The bot does not currently expose an HTTP health endpoint. Suggested liveness probe patterns:

  • Discord WebSocket liveness — the bot logs [bot] Logged in as <tag> on ready. Scrape stdout for this.
  • Redis — already externally monitored. The bot logs [redis] connection error on failure.
  • GraphMCP — first call after startup will fail loudly if unreachable.
  • Custom probe — call /encounter status in a known thread and check the response (the bot only responds in DISCORD_ALLOWED_CHANNELS).

A simple docker healthcheck using Discord WebSocket isn't trivially scriptable. If you need an HTTP probe, add a small Express server in a future iteration that responds 200 while the Discord client is ready and Redis is connected.

Logging

The bot uses pino. In dev, pino-pretty formats to a human-readable stream. In prod, pino emits structured JSON to stdout — pipe to your log shipper (Loki, CloudWatch, etc.).

Useful fields to index:

  • level, time, msg
  • threadId, encounterId (for encounter-specific queries)
  • latencyMs (for LLM and tool latency)
  • error (for failure analysis)

Operational runbook

Restart the bot

docker restart mardonar-bot
# or: systemctl restart mardonar-bot

Rotate the Discord token

  1. Generate a new token in the Discord developer portal
  2. Update the env var (or secret store)
  3. Restart the bot
  4. Old token is invalidated immediately

Re-register slash commands

After changing any src/bot/commands/*.ts:

docker run --rm --env-file .env --network mardonar-internal mardonar-bot:latest \
  node dist/scripts/deploy-commands.js

Or in dev: npm run deploy-commands

Reset a stuck session

A bot restart clears all in-memory state (including reaction managers and burst counters). Redis session state persists. If a session is genuinely stuck (e.g. a tool dispatched but the response was lost), use /encounter end in-thread to force-resolve.

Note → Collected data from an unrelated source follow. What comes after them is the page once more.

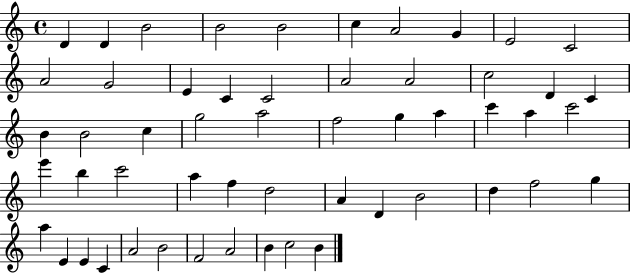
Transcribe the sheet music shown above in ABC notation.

X:1
T:Untitled
M:4/4
L:1/4
K:C
D D B2 B2 B2 c A2 G E2 C2 A2 G2 E C C2 A2 A2 c2 D C B B2 c g2 a2 f2 g a c' a c'2 e' b c'2 a f d2 A D B2 d f2 g a E E C A2 B2 F2 A2 B c2 B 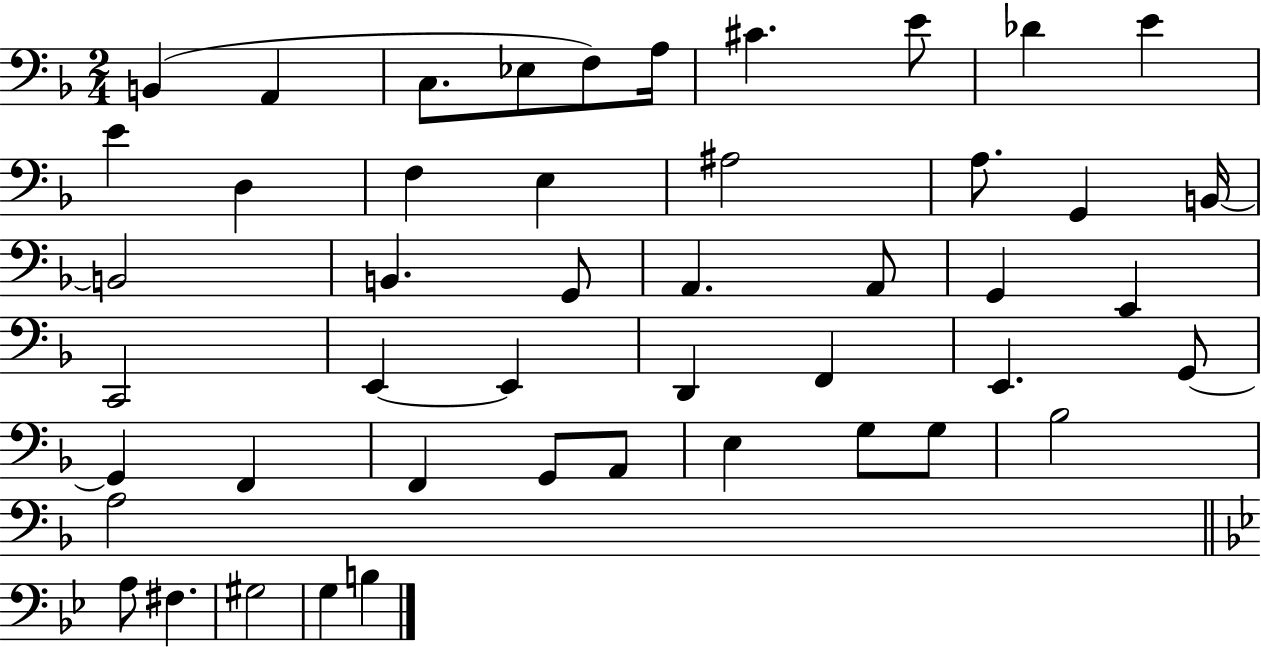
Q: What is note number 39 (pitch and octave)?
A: G3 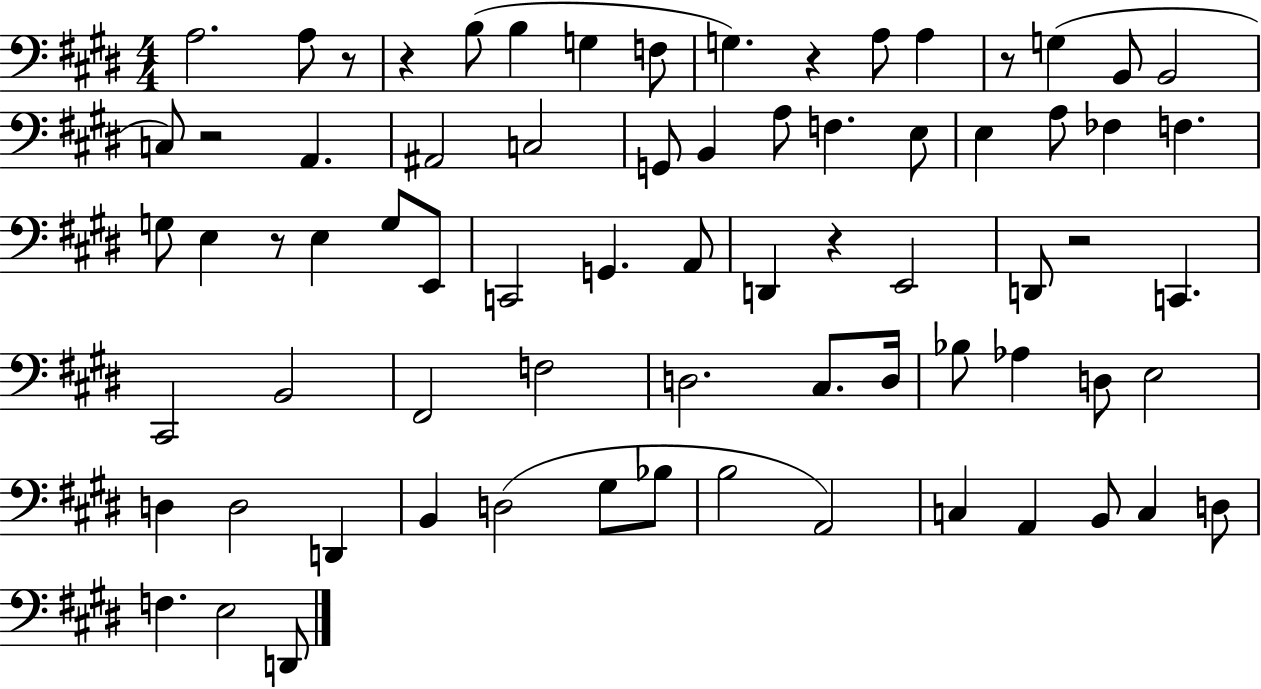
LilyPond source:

{
  \clef bass
  \numericTimeSignature
  \time 4/4
  \key e \major
  a2. a8 r8 | r4 b8( b4 g4 f8 | g4.) r4 a8 a4 | r8 g4( b,8 b,2 | \break c8) r2 a,4. | ais,2 c2 | g,8 b,4 a8 f4. e8 | e4 a8 fes4 f4. | \break g8 e4 r8 e4 g8 e,8 | c,2 g,4. a,8 | d,4 r4 e,2 | d,8 r2 c,4. | \break cis,2 b,2 | fis,2 f2 | d2. cis8. d16 | bes8 aes4 d8 e2 | \break d4 d2 d,4 | b,4 d2( gis8 bes8 | b2 a,2) | c4 a,4 b,8 c4 d8 | \break f4. e2 d,8 | \bar "|."
} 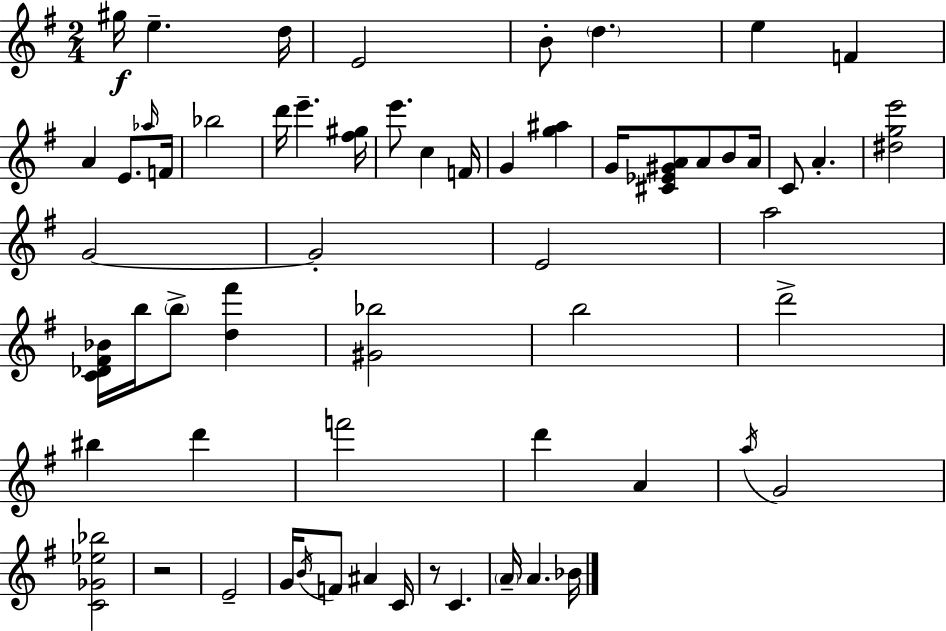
{
  \clef treble
  \numericTimeSignature
  \time 2/4
  \key g \major
  gis''16\f e''4.-- d''16 | e'2 | b'8-. \parenthesize d''4. | e''4 f'4 | \break a'4 e'8. \grace { aes''16 } | f'16 bes''2 | d'''16 e'''4.-- | <fis'' gis''>16 e'''8. c''4 | \break f'16 g'4 <g'' ais''>4 | g'16 <cis' ees' gis' a'>8 a'8 b'8 | a'16 c'8 a'4.-. | <dis'' g'' e'''>2 | \break g'2~~ | g'2-. | e'2 | a''2 | \break <c' des' fis' bes'>16 b''16 \parenthesize b''8-> <d'' fis'''>4 | <gis' bes''>2 | b''2 | d'''2-> | \break bis''4 d'''4 | f'''2 | d'''4 a'4 | \acciaccatura { a''16 } g'2 | \break <c' ges' ees'' bes''>2 | r2 | e'2-- | g'16 \acciaccatura { b'16 } f'8 ais'4 | \break c'16 r8 c'4. | \parenthesize a'16-- a'4. | bes'16 \bar "|."
} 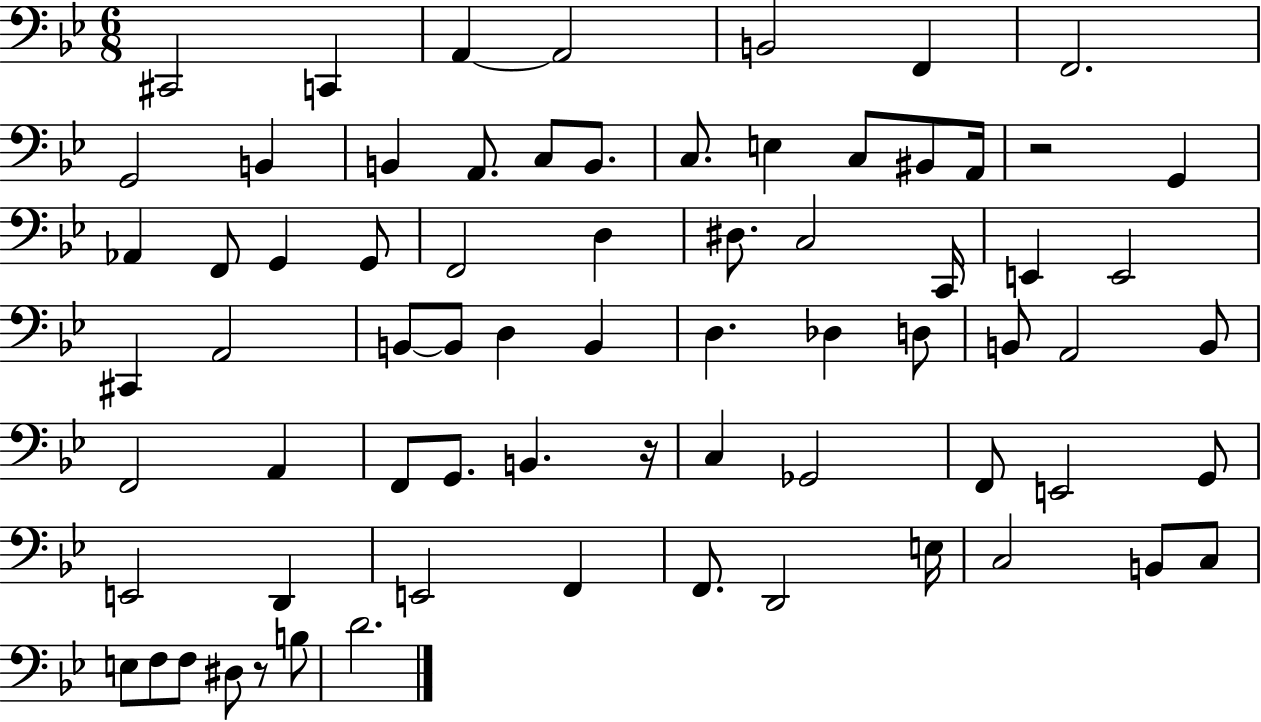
{
  \clef bass
  \numericTimeSignature
  \time 6/8
  \key bes \major
  \repeat volta 2 { cis,2 c,4 | a,4~~ a,2 | b,2 f,4 | f,2. | \break g,2 b,4 | b,4 a,8. c8 b,8. | c8. e4 c8 bis,8 a,16 | r2 g,4 | \break aes,4 f,8 g,4 g,8 | f,2 d4 | dis8. c2 c,16 | e,4 e,2 | \break cis,4 a,2 | b,8~~ b,8 d4 b,4 | d4. des4 d8 | b,8 a,2 b,8 | \break f,2 a,4 | f,8 g,8. b,4. r16 | c4 ges,2 | f,8 e,2 g,8 | \break e,2 d,4 | e,2 f,4 | f,8. d,2 e16 | c2 b,8 c8 | \break e8 f8 f8 dis8 r8 b8 | d'2. | } \bar "|."
} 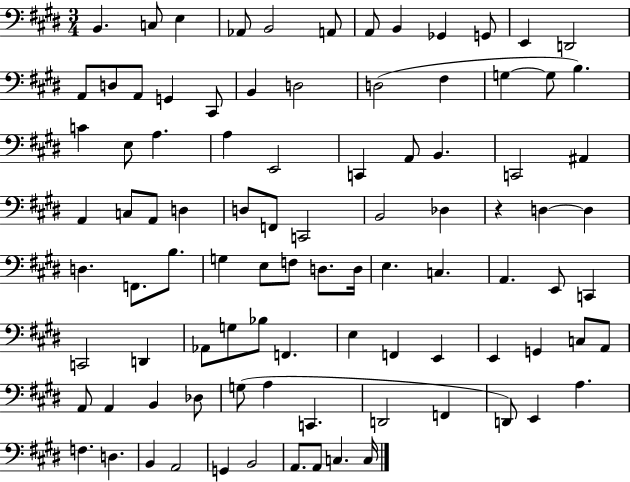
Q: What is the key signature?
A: E major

Drain Redis (nuclear option)

docker exec -it <redis-container> redis-cli FLUSHDB

Open deployment gaps

These are real but not blockers:

  • No production compose file — only docker-compose.dev.yml. Production deploy is ad-hoc.
  • No CI/CD — no .github/workflows/. Build and deploy are manual.
  • No health endpoint — no HTTP probe target.
  • No metrics export — pino logs are the only observability surface.
  • docker-compose.dev.yml references an external Docker network (mardonar-internal) — fine for the dev stack it's designed for, but a fresh deployment needs to either join the same network or remove the reference.